'Father Of The Bride' by Vampire Weekend, album review by Rainer Lempert, for Northern Transmissions

8.4

The last Vampire Weekend record, Modern Vampires of the City, came out six years ago. Over those six years the world, well, perhaps just the millennial perception of the world, has changed. Us millennials are no longer doe-eyed and fresh-faced. Our days as prepster English majors at Columbia have passed, and our 20s, largely spent finding words that rhyme with “horchata,” have come and gone. Those youthful pastimes can no longer shield us from reality. We have seen the darkness, experienced the chaos, and are struggling to keep afloat. If only Bernie sanders were president – but alas. What is one to do?

An answer, via EZRA KOENIG “I’m teaching myself that if life is meaningless, you could actually have a sense of humour about it.”

Father of the Bride, Vampire Weekend’s new record, is Koenig’s musical manifestation of this quest (much like Neo Yokio is his televisual manifestation – check out the Christmas special on Netflix, you will not regret it). The album, a sprawling, eighteen-track affair, takes a lyrical turn from its predecessors. Father of the Bride is a meditation on earthly chaos. Koenig weighs in on failed marriage (“Hold You Now”), anti- Semitism (“Harmony Hall”), border walls (“My Mistake”), and sinking to the bottom of the sea (“How Long”), among other morbid topics.

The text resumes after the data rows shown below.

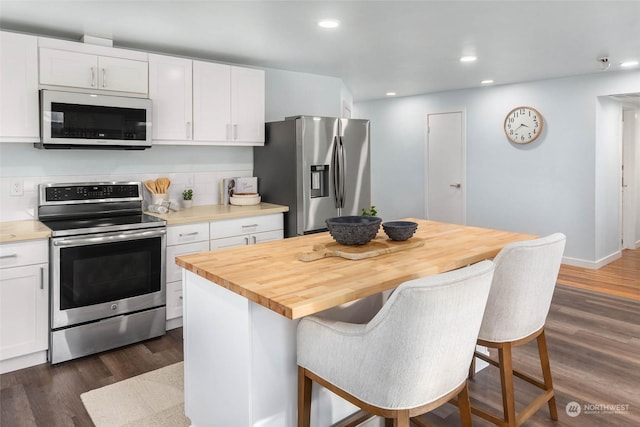 kitchen with white cabinetry, appliances with stainless steel finishes, a kitchen breakfast bar, and a kitchen island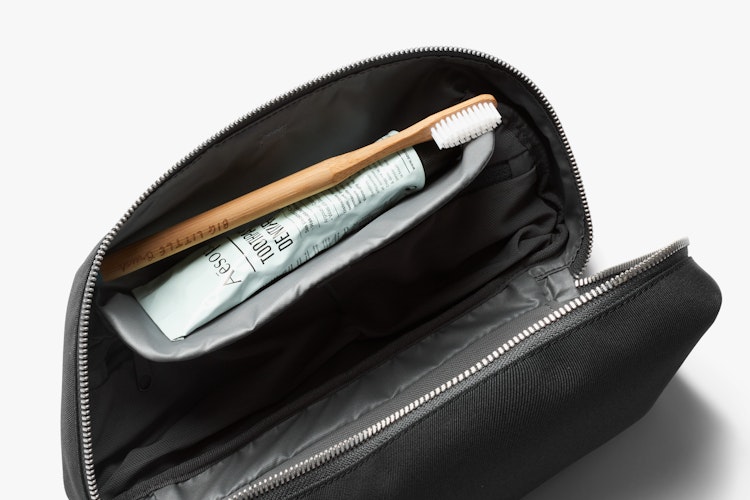 Open black Bellroy Toiletry Kit Plus displayed with a bamboo toothbrush and toothpaste, highlighting its slate gray interior details.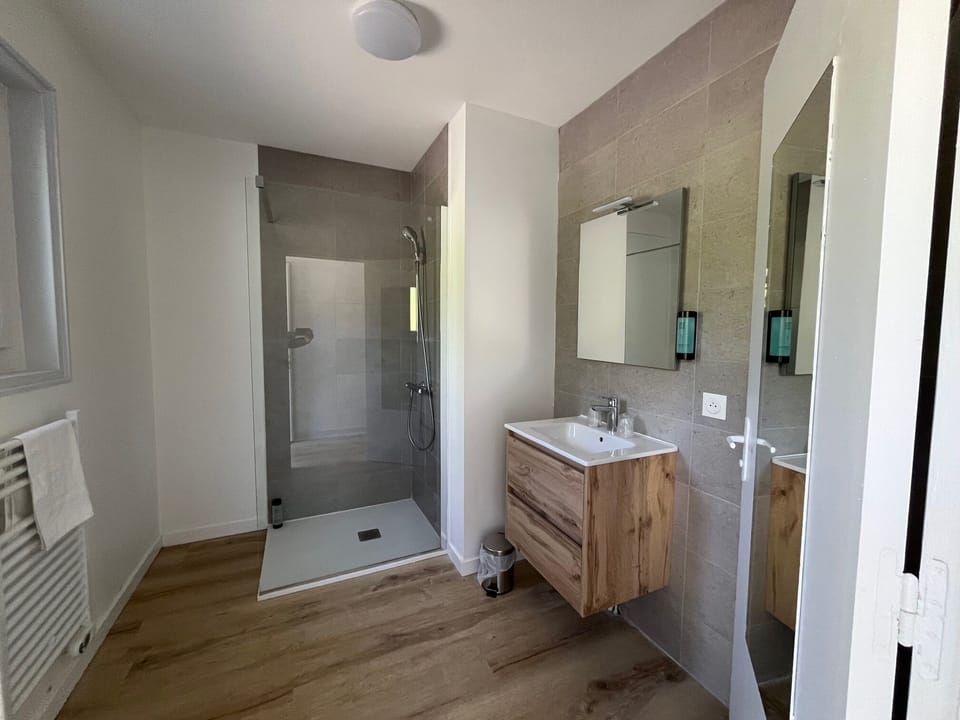 Superior Room | Bathroom | Hair dryer, towels, soap, shampoo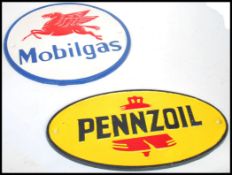 A pair of vintage style cast metal point of sale advertising garage wall plaques for Mobilgas and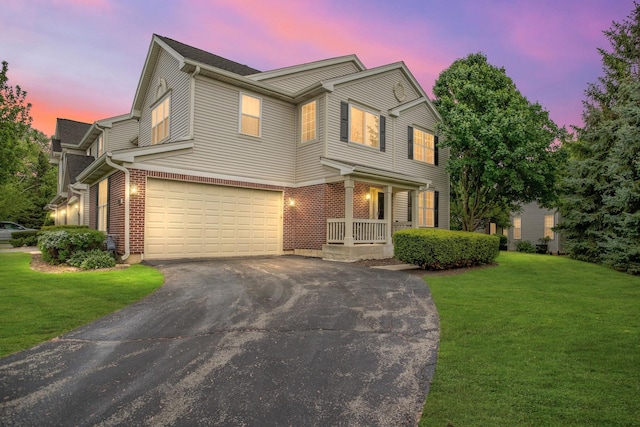 2451 Stonegate Rd Unit 2451, Algonquin, IL 60102 - traditional-style house with asphalt driveway, a yard, a garage, and a porch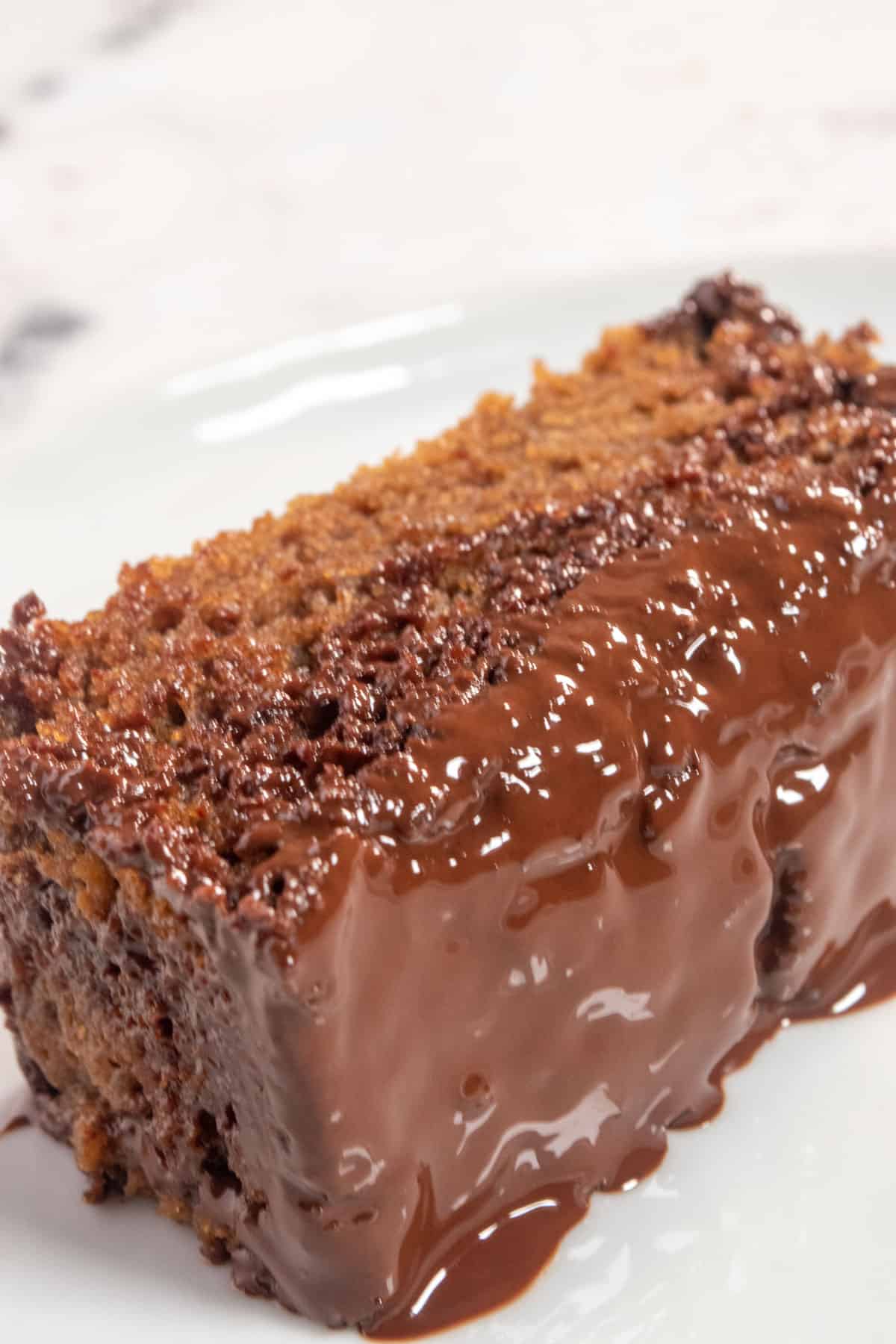 A slice of vegan mocha cake on its side. The glaze has soaked into the cake. 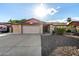Charming brick home featuring a two-car garage and well-maintained front yard at 16638 N 46Th Ln, Glendale, AZ 85306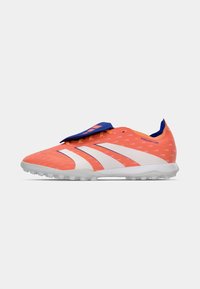 Zapato de fútbol naranja con rayas blancas, parte superior texturizada, acentos azules en la lengüeta y el talón, y una suela de goma para tracción.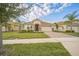 Charming single-story home featuring a well-manicured lawn, brick driveway, and a tile roof at 8907 Fallen Oak, Davenport, FL 33897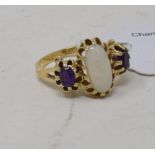 A 14ct gold, white opal and amethyst three stone ring, approx. ring size P½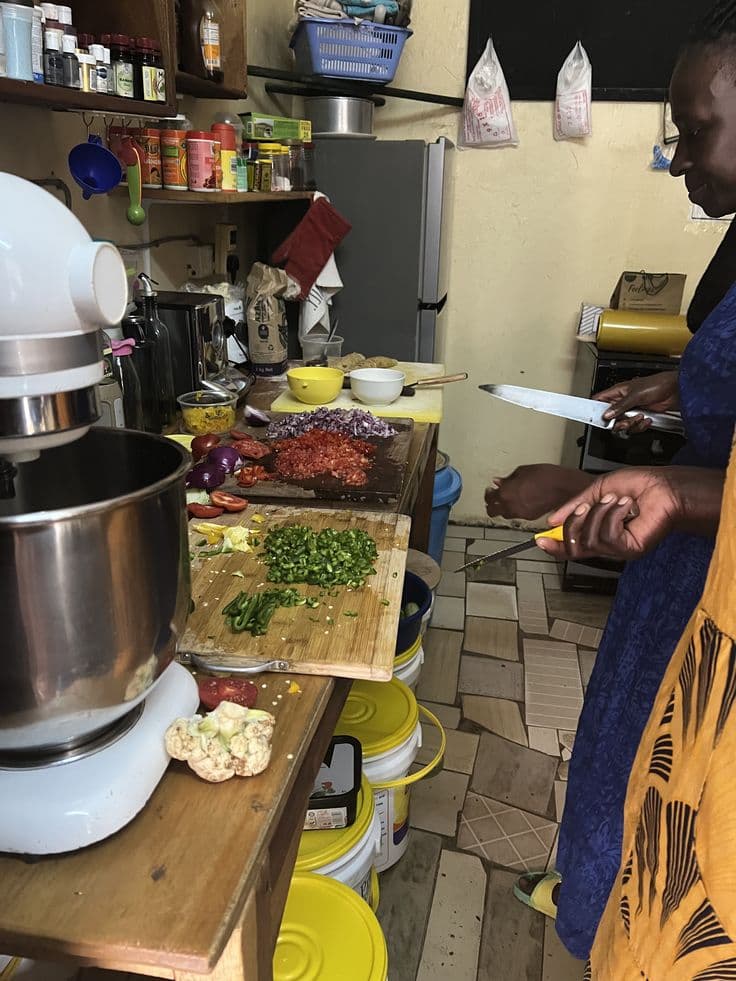 Person chopping vegetables in a traditional kitchen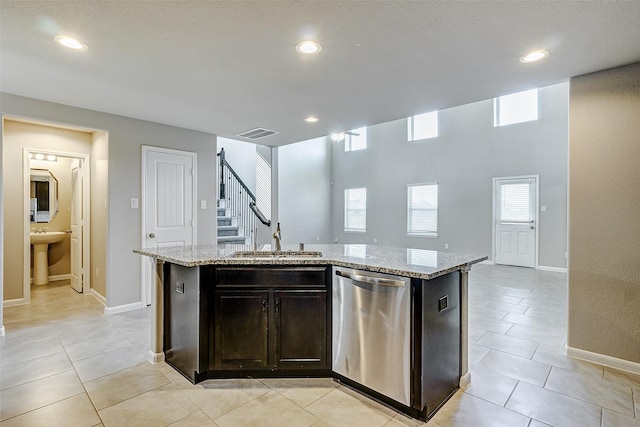 kitchen with dark brown cabinetry, sink, stainless steel dishwasher, and an island with sink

Vampire Weekend takes a risk veering away from whimsical flirtations towards dark, existential themes. A serious, boring song would defeat the stated goal of finding humor in meaninglessness. Fortunately, Vampire Weekend is incapable of writing boring songs. The crisp pop hooks and eclectic, multicultural production that made them a festival headliner persist in Father of the Bride. Aristocratic strings prance around a “palm wine” African guitar riff. Graceland inspired guitar and choral arrangements, two Vampire Weekend staples, feature prominently on several tracks. A George Harrison-esque slide guitar infiltrates “Big Blue.” In perhaps the album’s most poignant moment, “2021” finds sparse, hip-hop production and a Haruomi Hosono  synth sample accenting a melancholy reflection on time’s passing.

As in previous albums, Koenig’s lyrics are engaging, in turns impressionistic, clear, cryptic. Then breezy, tongue-in cheek “How Long” straddles this triad: “What’s the point of human beings? / A sharpie face on tangerines / Why’s it felt like Halloween since Christmas 2017.” And of course, no Vampire Weekend album would be complete without quasi-self-aware intellectual posturing (although rhyming “Keats and Yeats” with “bowls and plates” on the sappy-sweet “We Belong Together” is markedly less obnoxious than the “Robert Smiiiiithson” Vampire-weekend-giant-lyrics shout out on “Giant,” Contra’s bonus track).

Not everything works. The frivolous guitar riff in “Sunflower” is nearly as annoying as the scatting chorus. “Spring Snow” is largely forgettable. And while the three country/folk duets with Danielle Haim add some cohesion to the record, they cannot counterbalance the bloated feel of the meandering, eighteen-track album. Father of the Bride is a less satisfying listening experience than any of the imminently replayable, nearly flawless, Vampire Weekend, Contra, or Modern Vampires of the City. But its best songs reach, perhaps exceed, Vampire Weekend’s previous heights. And, more importantly, it seems like Ezra the existentialist is having fun within the chaos.